C - inet_pton() not producing network byte order

Question

I got confused with the inet_pton() function. According to the man page

This function converts the character string src into a network address structure in the af address family, then copies the network address structure to dst. The af argument must be either AF_INET or AF_INET6. dst is written in network byte order.

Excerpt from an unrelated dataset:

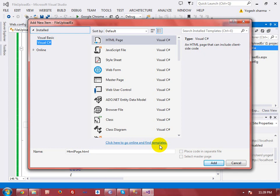My name is Yogesh Sharma and today I am going to demonstrate how we can use the DataList control in ASP.NET WebForm. DataList control is a data control which is used to show database table data.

So the function produces a network byte order value. But I got this code:

 struct sockaddr_in a;
 char sip[20];
 inet_pton(AF_INET, "192.168.0.182", (void *)&a.sin_addr);
 inet_ntop(AF_INET, (void *)&a.sin_addr, sip, 20);

 printf("htonl:%08x\n", htonl(a.sin_addr.s_addr));
 printf("inet_pton:%08x\n", a.sin_addr.s_addr);
 printf("inet_ntop:%s\n", sip);

output:

htonl:c0a800b6
inet_pton:b600a8c0
inet_ntop:192.168.0.182

the output of inet_pton is b6.00.a8.c0, which converts to 182.0.168.192, and it's also different from the output of htonl.

Since htonl converts host byte order to network byte order, so if inet_pton produces network byte order, I suppose their outputs should be the same? Does it mean that inet_pton actually produces host byte order?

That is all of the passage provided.